Captioned web image data:

== Segment start ==

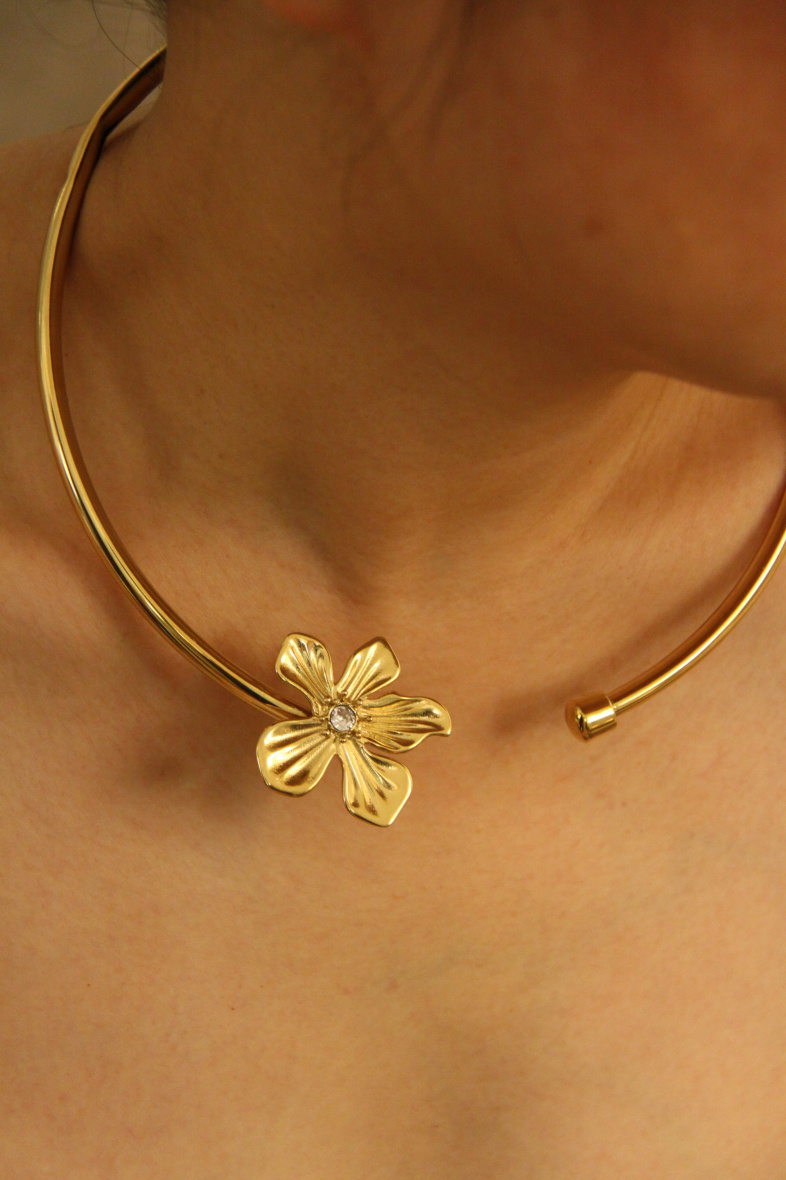 Mayorista Missra Paris - Collar de acero inoxidable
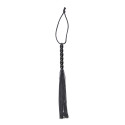 OHMAMA FETISCH GERIPPTER SILIKONGRIFF FLOGGER 22 CM 2 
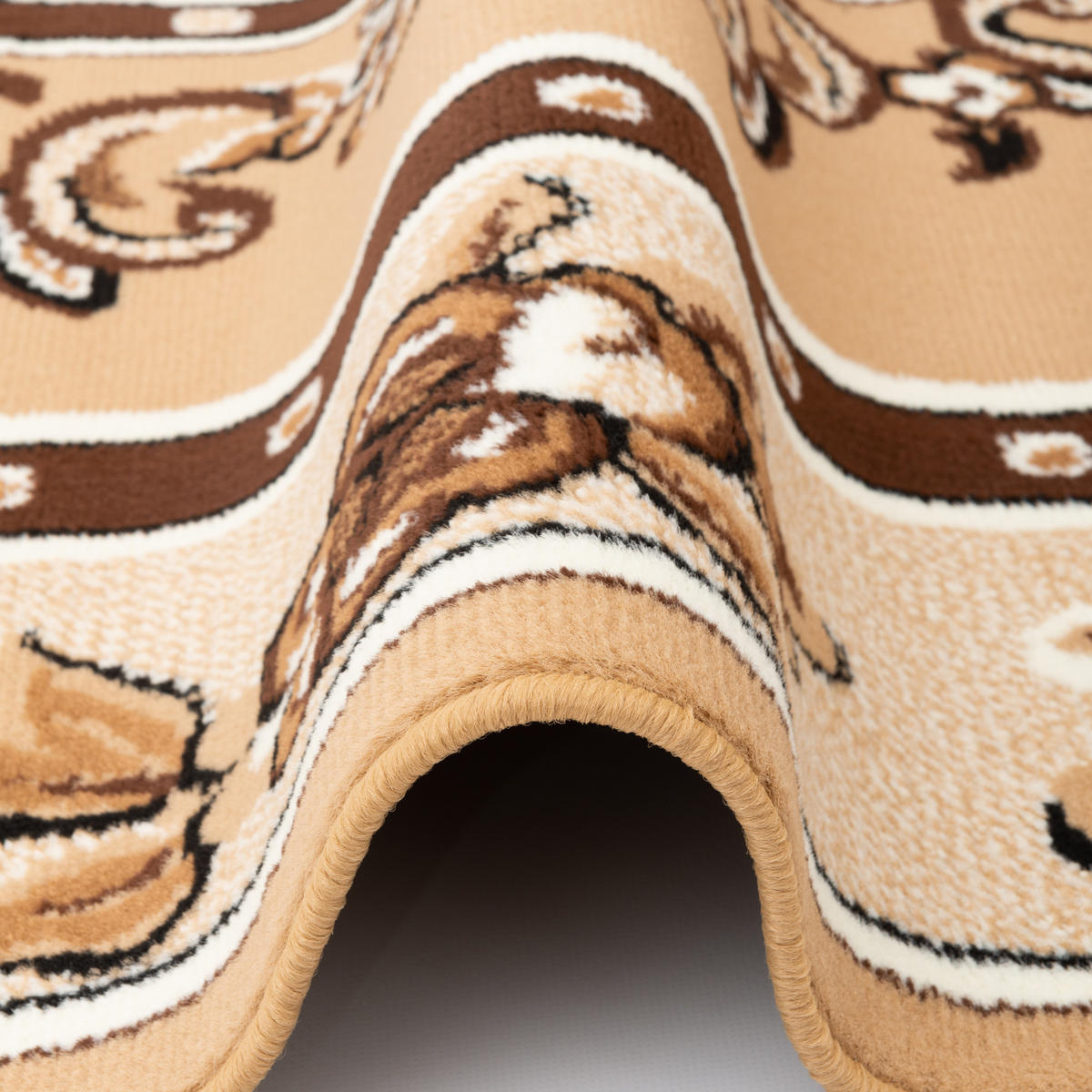 ORIENT VELOURS TEPPICH TRENDLINE - Beige, Textil (140/200cm) - Pergamon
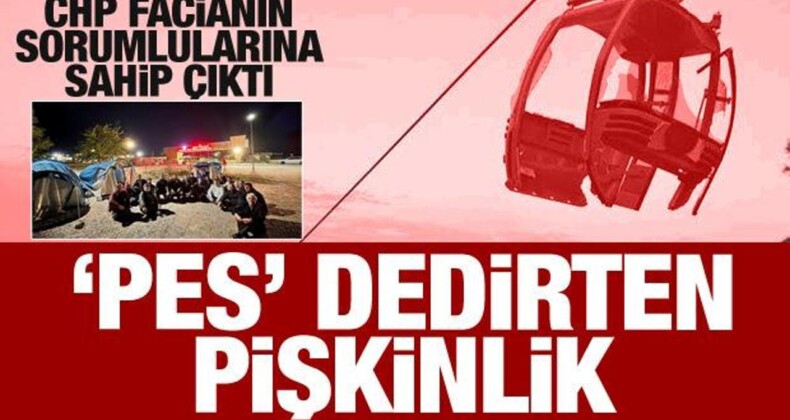 Ölüme Neden Olan İhmaller Zincirine CHP’den Pişkin Destek!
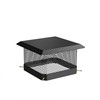 Chimney Cap 13x13 Square, Chimney Covers Outside Cap for Wood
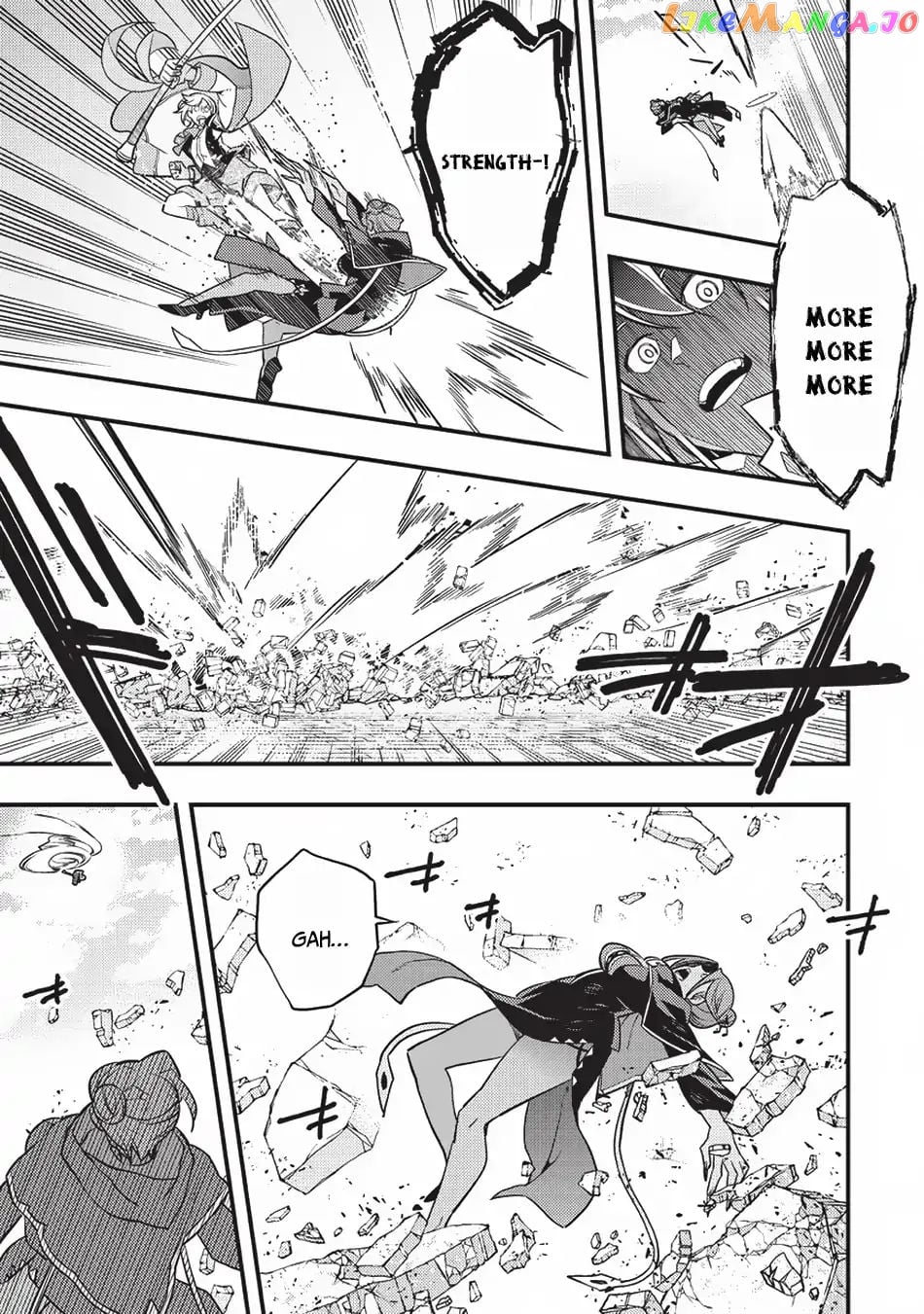 Kyoukai Meikyuu to Ikai no Majutsushi chapter 12 - page 12
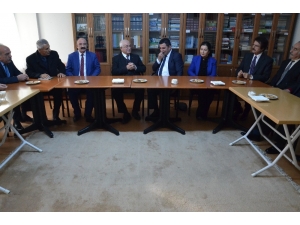 Chp’li Gökçe, Gezilerini Sürdürüyor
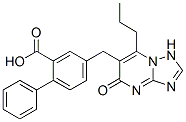 CAS 登录号：168152-97-4， 2-[4-[(5-氧代-7-丙基-1H-[1,2,4]三唑并[1,5-a]嘧啶-6-基)甲基]苯基]苯甲酸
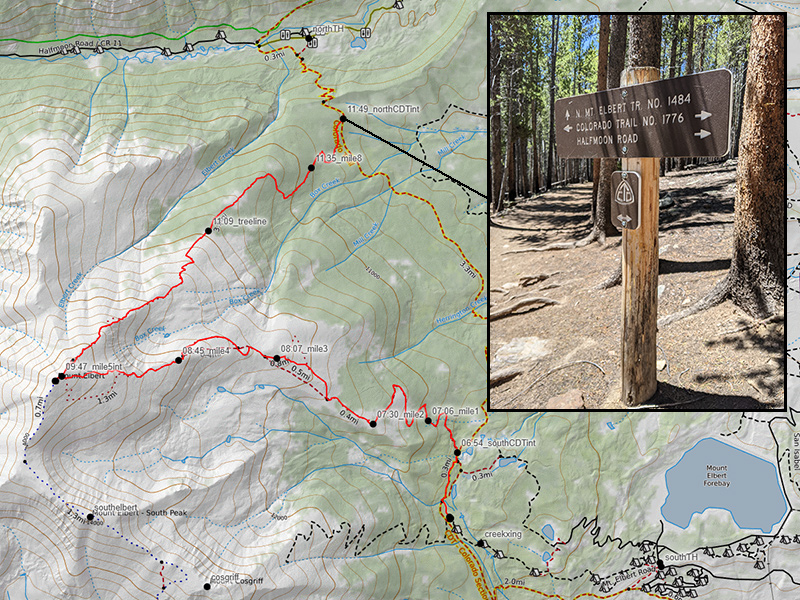 north cdt intersection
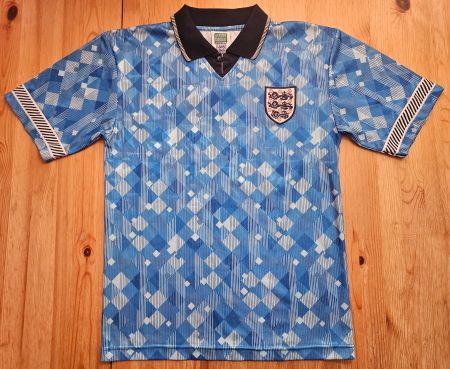 Trikot England Score Draw Grösse S Three Lions Fussball WM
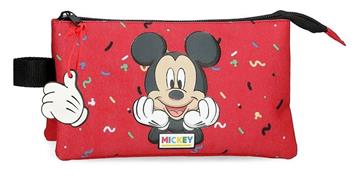 Imagen de Estuche Its A Mickey Thing 3 Cremalleras 22x12x5cm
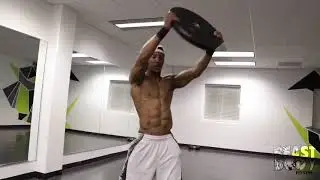 Top Plate Ab Exercises by Trainer Tr&eacute; @ Beast Body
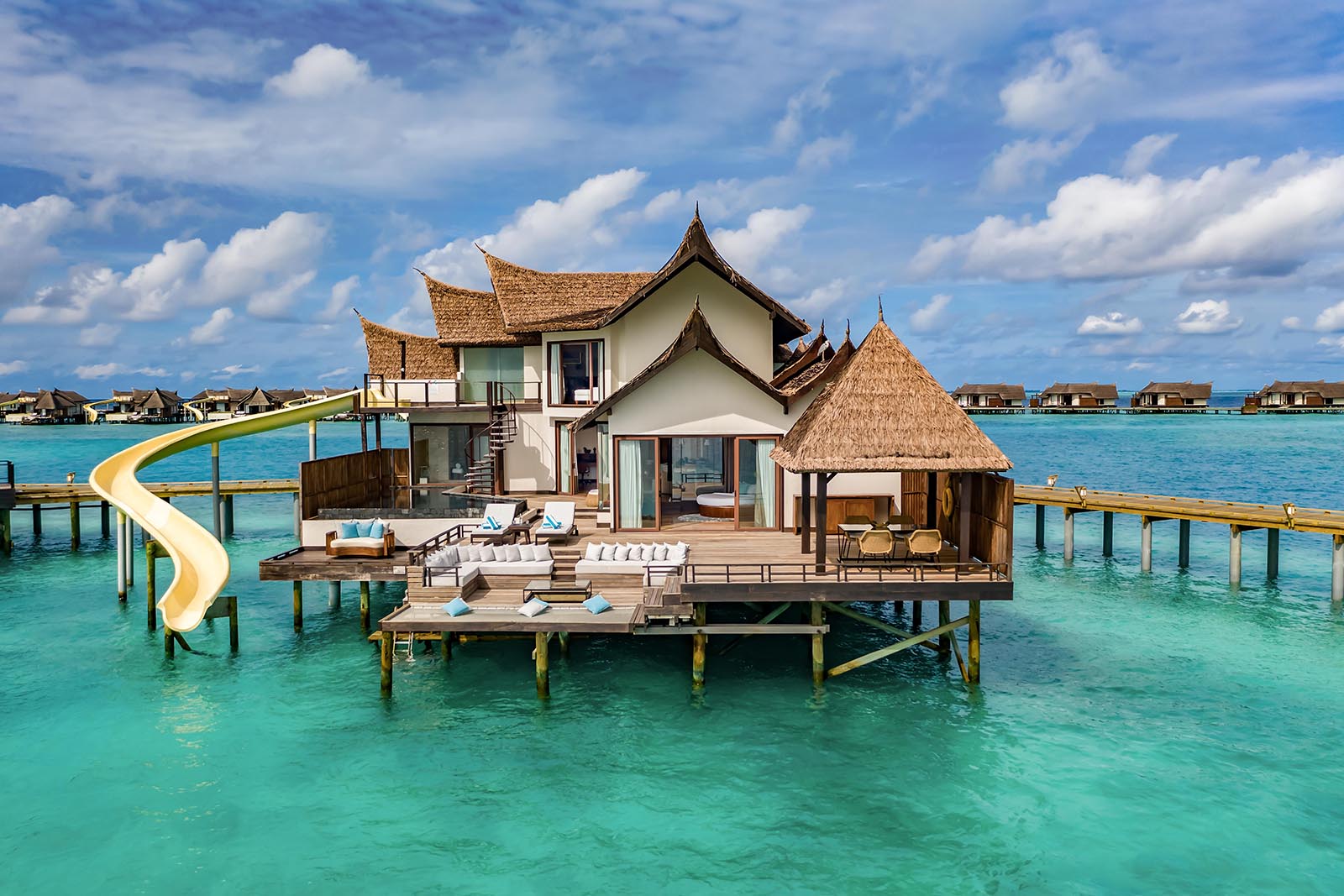 Ocean Pool Reserve Sunset with Slide – 2 Bedroom at Ozen Reserve Bolifushi - photo 1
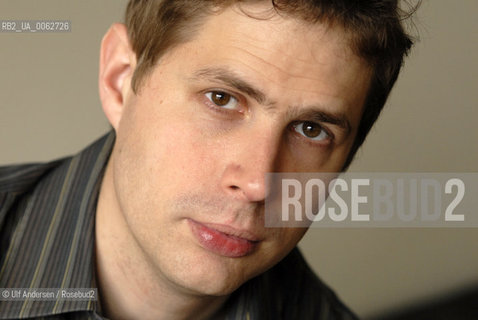 Austrian writer Daniel Kehlmann. New York, January 15, 2007 - ©Ulf Andersen/Rosebud2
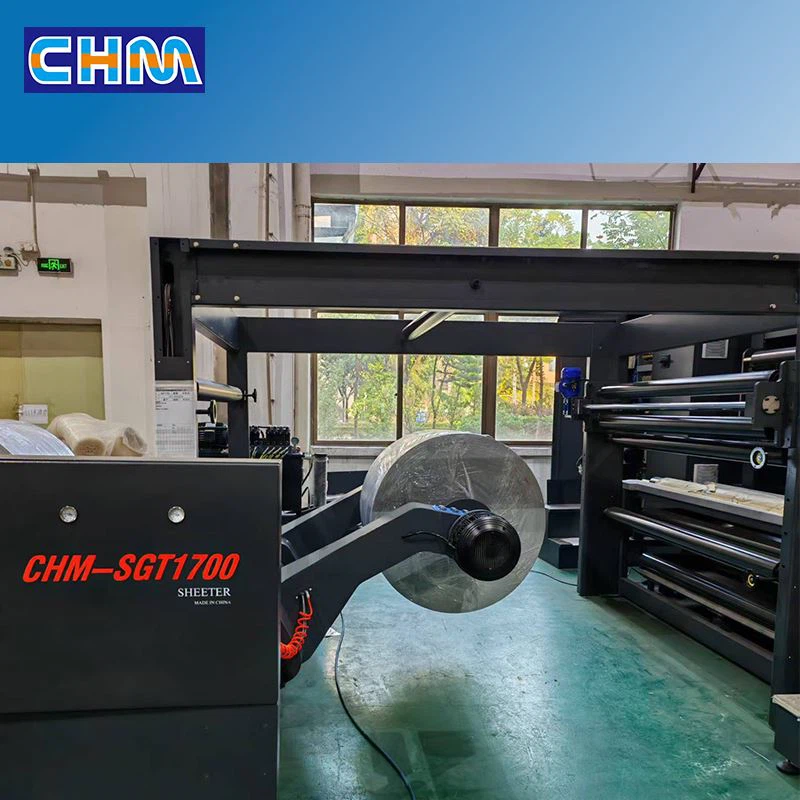 High Precision Double Rotary Sheeter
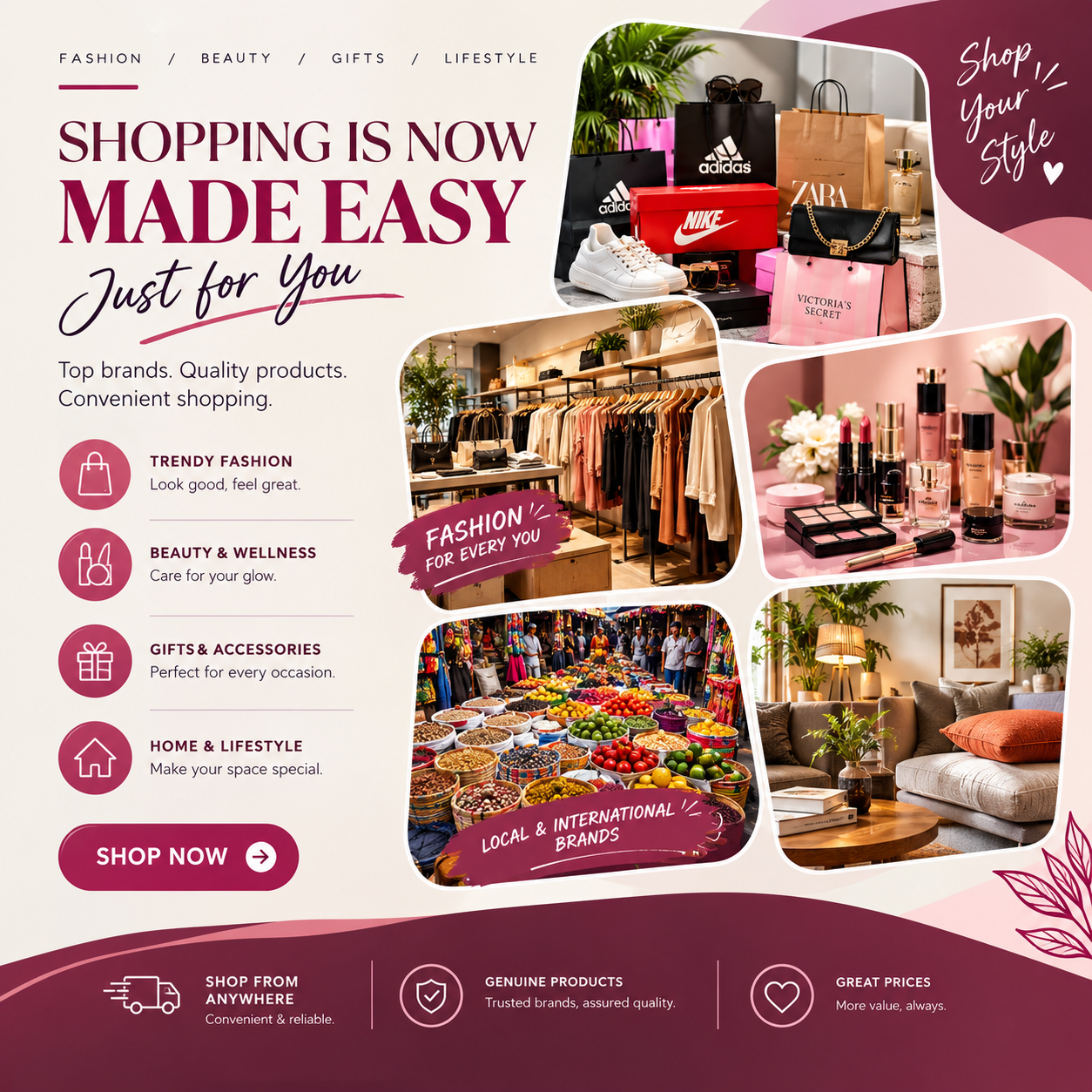 Shopping & Retail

== Segment end ==

- What you will do
Take the line containing "ORIENT VELOURS TEPPICH" and every line after it up to the end of the entries, and quote them exactly. Both ends count; the pictures do not.

- Answer
 ORIENT VELOURS TEPPICH TRENDLINE - Beige, Textil (140/200cm) - Pergamon
 Ölüme Neden Olan İhmaller Zincirine CHP’den Pişkin Destek!
 Chimney Cap 13x13 Square, Chimney Covers Outside Cap for Wood
 Kyoukai Meikyuu to Ikai no Majutsushi chapter 12 - page 12
 Chp’li Gökçe, Gezilerini Sürdürüyor
 CAS 登录号：168152-97-4， 2-[4-[(5-氧代-7-丙基-1H-[1,2,4]三唑并[1,5-a]嘧啶-6-基)甲基]苯基]苯甲酸
 north cdt intersection
 Trikot England Score Draw Grösse S Three Lions Fussball WM
 Imagen de Estuche Its A Mickey Thing 3 Cremalleras 22x12x5cm
 Top Plate Ab Exercises by Trainer Tr&eacute; @ Beast Body
 Ocean Pool Reserve Sunset with Slide – 2 Bedroom at Ozen Reserve Bolifushi - photo 1
 Austrian writer Daniel Kehlmann. New York, January 15, 2007 - ©Ulf Andersen/Rosebud2
 High Precision Double Rotary Sheeter
 Shopping & Retail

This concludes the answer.